The video above shows an oil drill and pump —  sometimes called a nodding donkey or pumpjack — that is used in oil wells.

  • How does it work?
  • Why does oil need to be pumped from a well?

Oil is considered a fossil fuel. Coal and natural gas are considered fossil fuels. The remains of once-living organisms form fossil fuels.

As dead plants and animals dry out and decay, they become oil, coal, and natural gas. Since living organisms must be dead for thousands of years to become fossil fuels, fossil fuels are buried deep below the surface of the earth.

Oil is often located thousands of feet below the surface of the earth, so a pump is needed to bring it to the earth’s surface where it can be used by humans.

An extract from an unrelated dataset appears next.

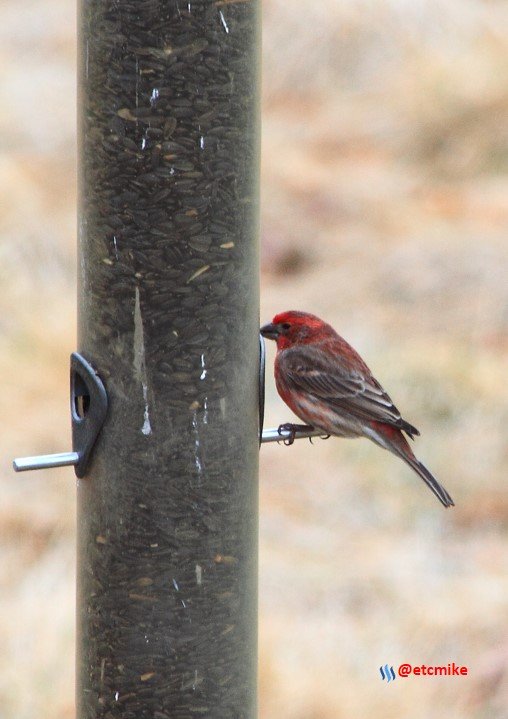 house finch PFW19-06sat.JPG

First, geologists — or people who study the earth — must find where oil reserves are located.

Geologists use sound to locate oil reserves. Sound travels at different speeds through solids, liquids, and gases. Scientists create sounds and use machines to listen to how the sound travels through the earth.

They can tell whether oil, which is a liquid, is in a certain area of the earth based on the sound they hear.

After geologists locate an oil reserve, engineers — or people who design and use machinery — use large drills to pump oil to the surface of the earth.

The drill consists of a large pipe that goes deep into the earth. When the pipe is moved, it can pull the oil to the earth's surface.

The amount of oil pulled per day depends on the type of drill being used, but most drills can pull thousands of pounds of oil from the earth per day.

The images below show examples of oil drills. The first drill is used on land. The second drill, known as an offshore drill, is used at sea.

Drilling for oil at sea presents some additional challenges because the drill must first extend the depth of the sea before entering the earth’s surface.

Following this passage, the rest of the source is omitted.